Double savings: Green buildings such as Citi’s new data center cut both costs and emissions
US food manufacturer General Mills is putting those principles into practice at its Chinese operation. “In China we contract with local village farmers to grow corn for the Bugles that we produce for Chinese consumers,” says Camie Donohue, director of corporate social responsibility at General Mills. “We provide the seed, the fertilizer and agronomic guidance, and we promise to buy their entire crop, so we secure quality ingredients but we’re also elevating the farmers that provide them at the same time.”

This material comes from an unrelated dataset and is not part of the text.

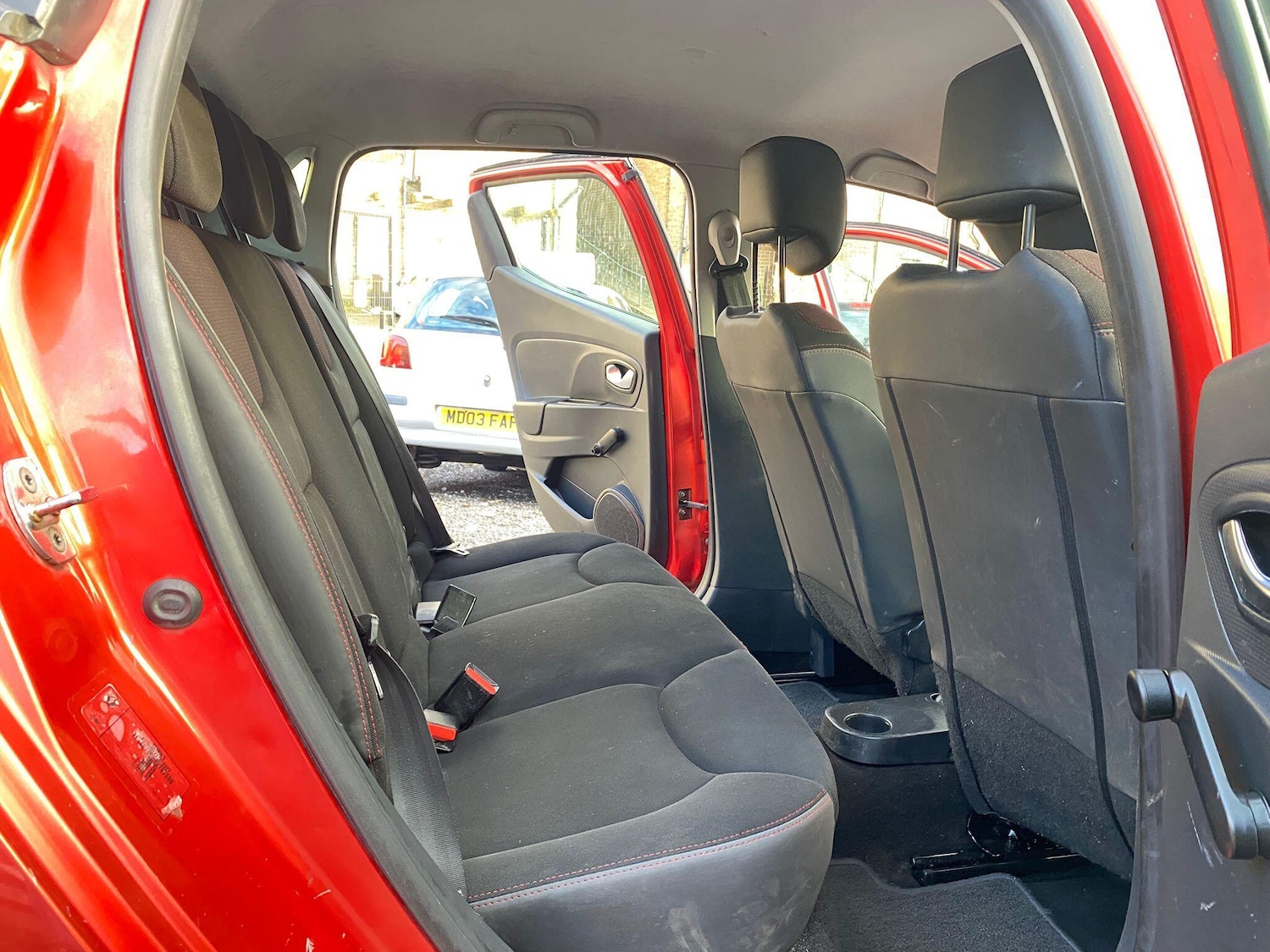 Used Renault Clio 2015 for sale - 76370643: Photo 12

The company is also working with NGOs and governments in Africa to transfer technology and expertise in food safety and food manufacturing to small and medium-size enterprises. “We help them transform raw materials into value-added products that will sustain the community, create sustainable income and improve lives,” says Donohue.
The Standards Issue
As the philosophy and practice of CSR becomes more businesslike and less nebulous, the lack of standards against which companies’ performance can be measured is becoming a cause for concern. Companies at the cutting edge of CSR tend to set themselves ambitious targets and commit the resources necessary to reach them, but while their determination to keep improving their record is laudable, critics are concerned that because the targets are self-imposed they are often arbitrary and difficult to compare from one company to another. Creating universal citizenship standards, they argue, would help investors, customers, regulators and the companies themselves assess their performance on an absolute and a relative level.

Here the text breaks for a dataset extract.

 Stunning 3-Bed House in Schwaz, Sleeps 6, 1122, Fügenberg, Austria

Biel believes the pressure to set independent standards is growing. “More and more, everyone in the CSR space is recognizing the need for better metrics for measuring their impact on local communities. There is a clear emphasis on improving reporting on social impact,” he says.

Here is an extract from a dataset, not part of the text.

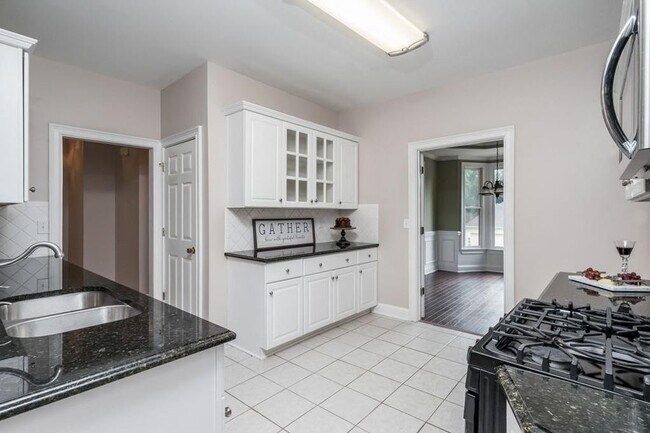 Building Photo - 802 Satinwood Pl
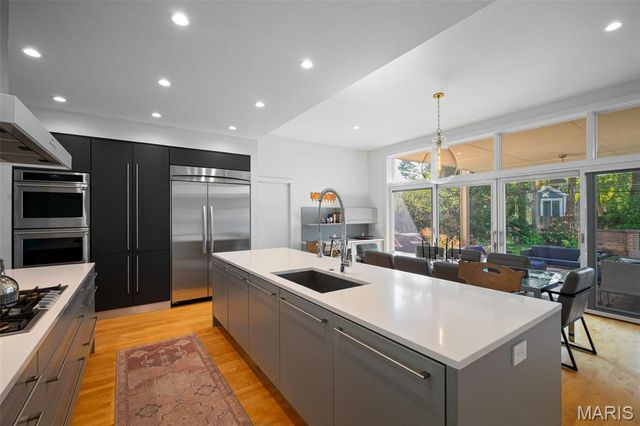 7526 Washington Avenue, University City, MO 63130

Whether that will lead to industry-wide or global standards is a hotly debated issue, however, and many corporations are lukewarm on the idea. Donohue at General Mills says: “Standardization is important in that it provides for clear communication and accountability, and we’d be hard-pressed not to be in support of that, but as for what the specific numbers are, it’s very difficult to say.” Citi’s Flaherty has a similar view: “It is productive that there are discussions about standardizing the metrics, although I am not convinced we will get to that point because every company is different. I’m not sure that one size fits all.”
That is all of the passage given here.